Flash forward some decades later to 1979, when Henson’s creatures ruled television airwaves and also made the frog’s leap over to the silver screen. The Muppet Movie, which follows Kermit, Fozzie, and the rest of the Muppet gang all traveling road-trip style across the country to Hollywood, marks the first time that these characters saw their hilarity, hijinks, and litany of pop culture references translate to film.
While Henson did not direct The Muppet Movie, the production still saw his influence by using the camera-as-stage technique on an even grander scale. The filmmakers took care to immerse performers and audience members alike into a larger world — our world — making this classic cast of characters feel all the more real.
The film sets a standard from its opening scene, in which Kermit sings the Academy Award-nominated song “Rainbow Connection” in a flowering swamp. As a crane shot lowers into the elaborate set, a one-take zoom pushes in on Kermit sitting on a log strumming his banjo. Throughout, the camera continues to move freely around him, establishing a strong sense of place, much more so than a single head-on shot could do. This is a fully constructed environment, and the camera makes us privy to it.
This sequence marked the first time a hand puppet’s full body appeared onscreen – Henson was submerged in an underwater drum to achieve the shot. His commitment to the scene does wonders to establish the bog as Kermit’s personal paradise; indeed, the bog becomes so expansive that it feels tangible, a lived-in environment that, while isolated, also seems visitable. And someone ultimately does, of course: comedian Dom DeLuise, in the film’s first of many star cameos, plays a big-shot Hollywood talent scout who recognizes Kermit’s star power at first glance.

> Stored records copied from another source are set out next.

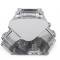 Holley Sniper EFI Intake Manifold 835011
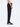 Relaxed Fit Chino - FMBCP24-041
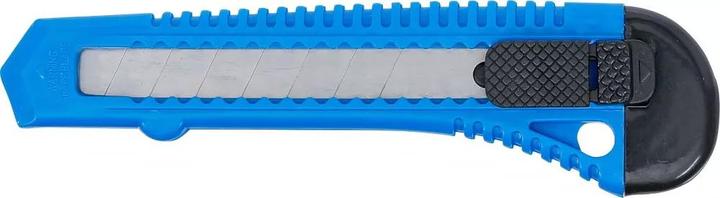 Produktbild Novidarte Japan Messer (Cutter)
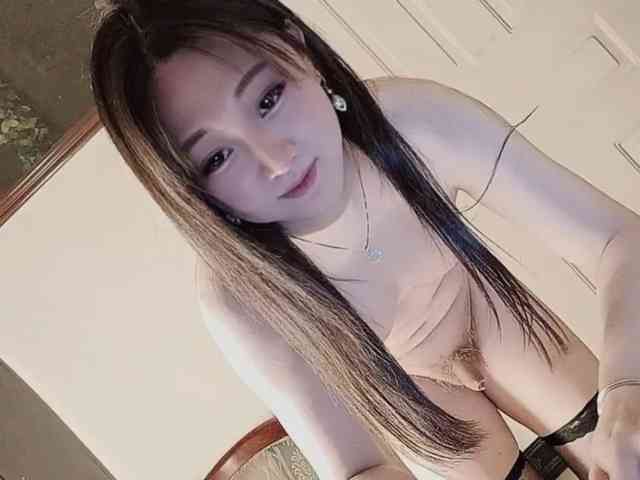 TsBaobao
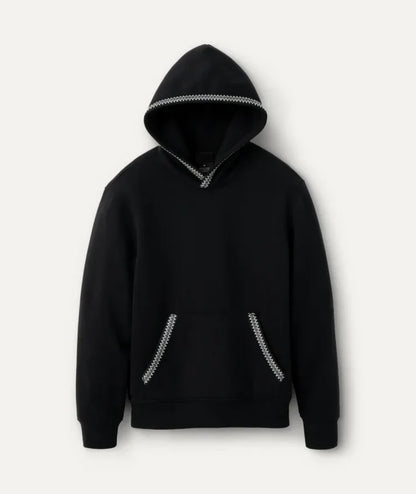 Unisex Tasman Hoodie 25$ TODAY ONLY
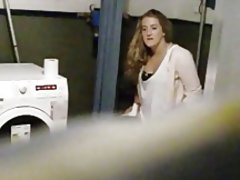 Участник девушки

This sense of immersion continues from there, as Kermit sets off to achieve stardom alongside a certain bear moonlighting as a standup comedian. Moving along on their road trip, the natural world serves as the film’s set; driving sequences are shot along actual roads (“a Frog and a Bear, seeing America!”) and make use of a real, full-size 1951 Studebaker, with the Muppet characters positioned right at the wheel.
The camera often puts us right inside the Studebaker with Kermit and Fozzie and does not limit the audience to watching their antics with a static head-on shot. What’s more, these sequences are engineered in such a way that the performers are incorporated into the natural boundaries of their environment. The car’s bench seat is now a puppet stage, or it’s the driver’s side door. This immersion was no easy task — the driver had to operate the car from the inside of its hollowed-out trunk, and Frank Oz had to crouch beneath the wheel — but the result is seamless. While the Muppets may exist on a stage, we’re on that stage right with them.
It’s only fitting, then, that the movie closes on some classic Muppet self-awareness. Indeed, after bringing us across the nation to county fairs and roadside chapels, used-car dealerships and family restaurants, The Muppet Movie turns in on itself in its final moments by setting its climax on a Hollywood backlot, and its finale number on a crumbling soundstage.
The soundstage becomes the site of the film’s largest scale world-building exercise, as a crowd of more than 250 Muppet characters sing in a practically constructed, 6-foot deep, 17-foot wide pit. The camera starts on Kermit, then slowly pushes outward to reveal the crowd and the dilapidated set around them, all once more in one take. This movement hammers home the film’s sense of place one last time, and makes The Muppets’ final message all the apter: “Life’s like a movie, write your own ending!”
Overall, Henson knew that the television camera — and later, the film camera — was a practical tool that could serve to immerse audiences in his artistic vision. By taking his characters out of a 2D plane and placing them into a three-dimensional, cinematic world, the filmmakers behind The Muppet Movie make their stars inhabit a space that we, too, can see ourselves in. If all the world’s a stage, then the Muppets make the performance that much more joyful.